It’s very hard to find original thought.
Orison Swett Marden was part of “The New Thought Movement,” a spiritual group that emphasized metaphysical beliefs and personal development. While there were religious overtones, the philosophies were fundamentally based on infinite insight and intelligence.
Here’s a classic Marden quote:
Don’t wait for extraordinary opportunities. Seize common occasions and make them great. Weak men wait for opportunities; strong men make them.
Marden was influenced and inspired—as were many—by one of the original personal-development writers, Samuel Smiles. Smiles was an original. The Smiles book, Self-Help, was the trigger for Marden’s career. “The little book was the friction which awakened the spark sleeping in the flint,” Marden is quoted as saying. The 21st century translation might be, “Samuel Smiles lit my fire.”
Early in his life, Marden came across the Smiles book by accident, while rummaging through an attic. He became an evangelist for the book, and for his own positive-thinking philosophy. When he looked for more books, and found few, his mission was set. Study, write, publish, preach, speak—and by being a living example of his writings, set the standard for others to follow.
You might know some of the original writers who preceded Marden. The most prominent author was William James, a physiologist and a pragmatist. James hung out with a bunch of brainiacs, the most notable being P.T. Barnum, Mark Twain, Horatio Alger and Sigmund Freud. (Not a bad group of guys.)
It’s more interesting to note who followed Orison Swett Marden, most notably Napoleon Hill (Think and Grow Rich) and Dale Carnegie (How To Win Friends and Influence People). These guys came 30 years after Marden founded SUCCESS magazine in the late 1890s. Also note that Napoleon Hill was a significant contributor, and he also published his own magazine in the late teens and 1920s called Hill’s Golden Rule. The subtitle: For those who think and want to grow. (Sound familiar?) As popular as Napoleon Hill was (and is), he was a disciple and a follower of Orison Swett Marden.
Marden had one amazing contemporary. Elbert Hubbard. Their work often appeared in other magazines, but they never wrote anything together. I can only assume that they knew one another, and corresponded with one another, out of respect for their mutual capabilities. They were competitors in their time. While Marden was writing Pushing to the Front, Hubbard was writing Message to Garcia. They both began their own publications. Hubbard’s was the magazine FRA. They both were exceptionally prolific authors. Hubbard and Marden were considered the thought leaders of their time.
Marden expanded the original thoughts of Smiles to an unprecedented degree. Not just a prolific writer, he was also a speaker, an editor, a publisher, a doctor and a lawyer. Marden’s books could be found in the library of every major early-American industrialist. He was the word, and words, of success and spirit.

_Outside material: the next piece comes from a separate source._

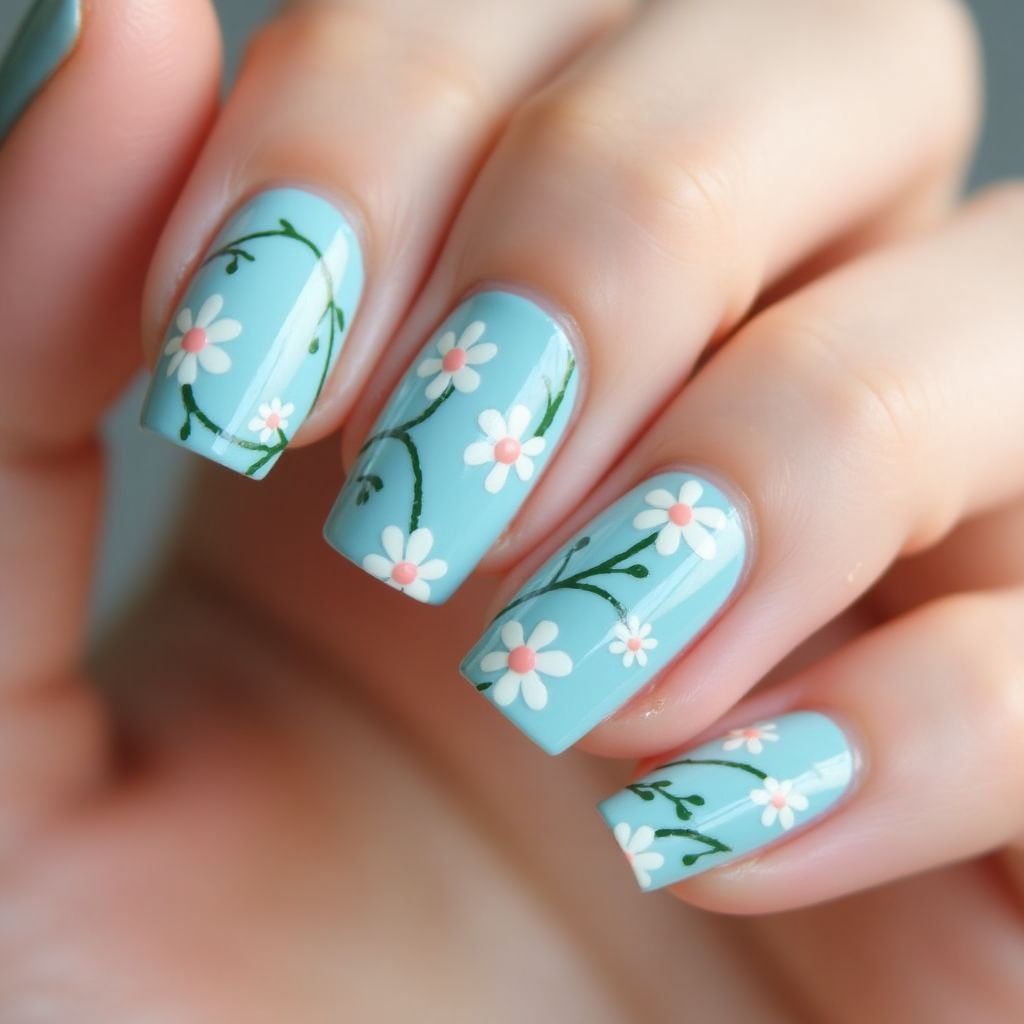Baby Blue Spring Nail Design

Orison Swett Marden wrote more than 60 books in a period of 30 years without a word processor, and barely with a typewriter. He was an educated person, having graduated from Boston University, Andover Theological Seminary, and Harvard University with M.D. and LL.B. degrees. He also went back to school to master oratory skills. Wow!

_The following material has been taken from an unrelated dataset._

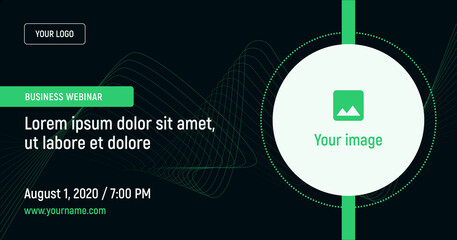 Business webinar with image and contact data on a dark background. Green vector template for webinar, conference, e-mail, flyer, meetup, party, event, web header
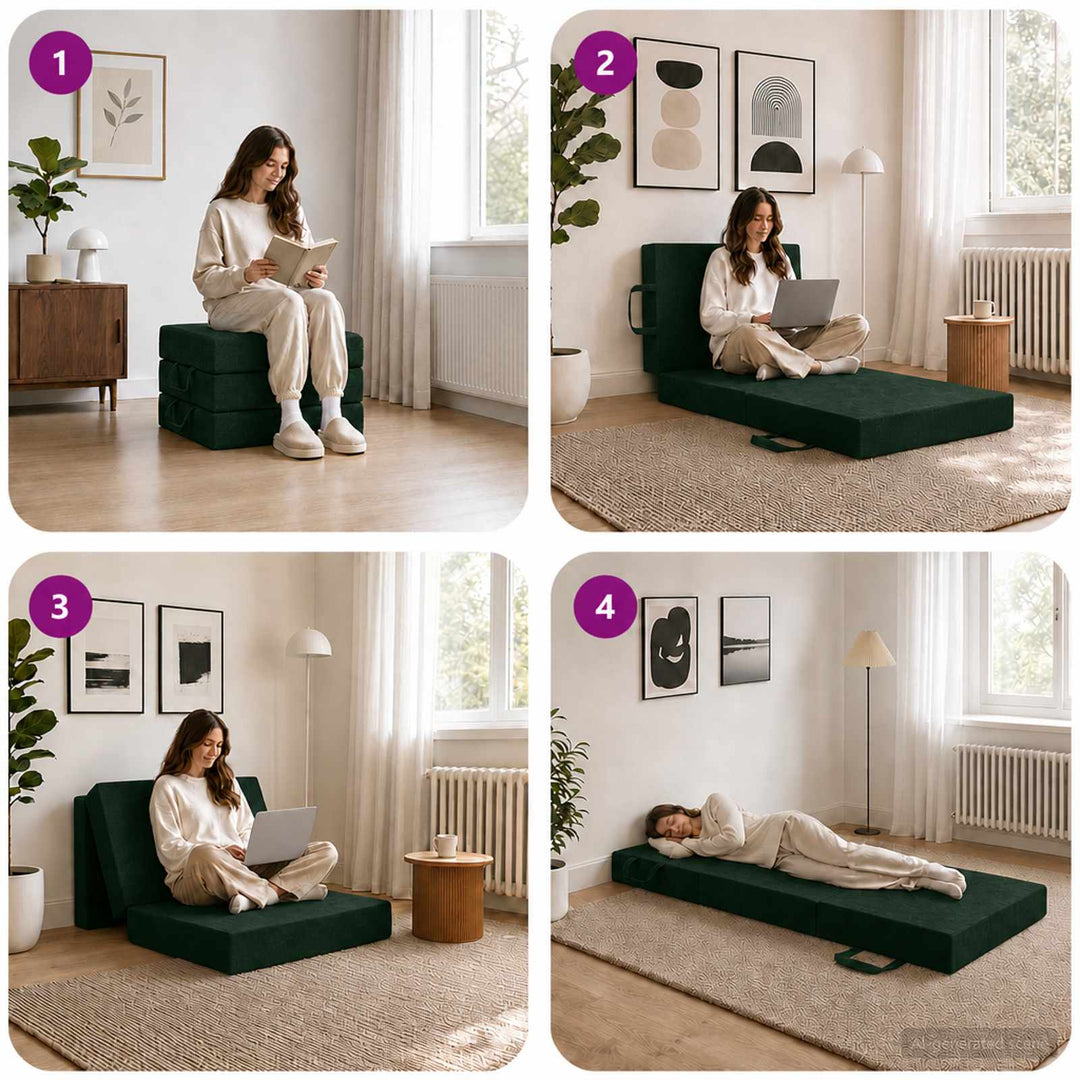 Samlebar Sofa Seng 75 x 63 x 45 cm Mørkegrøn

Marden was successful at every endeavor because he was a student who put his knowledge to work. And through his religious beliefs, he literally practiced what he preached. His genius allowed him to take on business ventures, capture publishing opportunities, study every aspect of life, and still speak and write. His success came from putting all those elements into positive execution and achievement.
When I wrote The Patterson Principles in 2002 (now titled Jeffrey Gitomer’s Little Platinum Book of Cha-Ching!) my research took me to Dayton, Ohio, the home of John Patterson and the business he founded, the National Cash Register Company (NCR). I was contacted by a bookseller in Dayton who offered me several books from the Patterson library dating to the turn of the century—the 20th century. These books were actually signed by Patterson to connote ownership, and they include passages he underlined because he found them meaningful and wanted to act on them. I bought the books without hesitation.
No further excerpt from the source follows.